Measure zero of Cross section of a compact implies that compact has measure zero Let $K \subset \mathbb{R}^n\times [a,b]$ a compact subset. For each $t \in [a,b]$, let $K_t= \{x \in \mathbb{R}^n : (x,t) \in K\}$. Suppose that, for all $t \in [a,b]$, $K_t$ has measure zero in $\mathbb{R}^n$. Thus, $K$ has measure zero in $\mathbb{R}^{n+1}$.
The definition of measure zero in $\mathbb{R}^n$ here is:
$A$ has measure zero if given $\epsilon > 0$, there is $\{Q_i\}_{i \in \mathbb{N}}$ rectangles in $\mathbb{R}^n$ such that
$$A \subset \bigcup_{i \in \mathbb{N}} Q_i,$$
and,
$$\sum_{i \in \mathbb{N}}v(Q_i) < \epsilon,$$
where $v(Q) = (b_1 - a_1) \cdots (b_n - a_n)$, if $Q = [a_1,b_1]\times \cdots \times [a_n, b_n]$. The previous summation is called total volume of the cover.
There are some interesting points here:

*

*If $K_t$ has measure zero in $\mathbb{R}^n$, then $K_t \times \{t\}$ has measure zero in $\mathbb{R}^{n+1}$.

*For every $t \in [a,b]$, $K_t$ is compact. Then, $K_t \times \{t\}$ is compact.

*$K = \bigcup_{t \in [a,b]}K_t \times \{t\}$.
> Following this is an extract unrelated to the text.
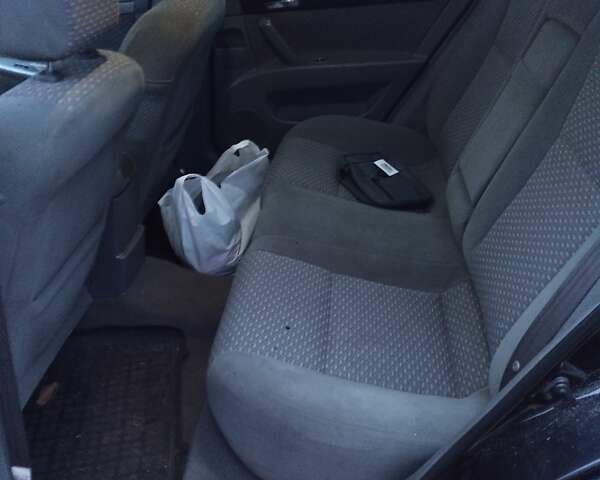 Чорний Шевроле Лачетті, об'ємом двигуна 1.8 л та пробігом 300 тис. км за 3200 $, фото 17 на Automoto.ua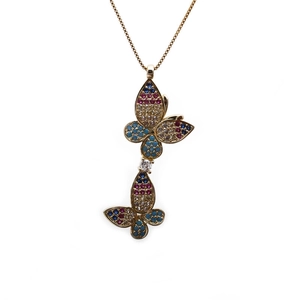 Golden butterfly necklace with colorful micro-paved zircons on a delicate chain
Then, I tried to take an finite open cover (of rectangles) of $K_t \times \{t\}$ which total volume is less then $\epsilon '$. Then, use it to construct an open cover of $K$, and using Lindelöf theorem to get a countable cover of $K$. But I'm stuck because I can't prove that total volume is less then $\epsilon$.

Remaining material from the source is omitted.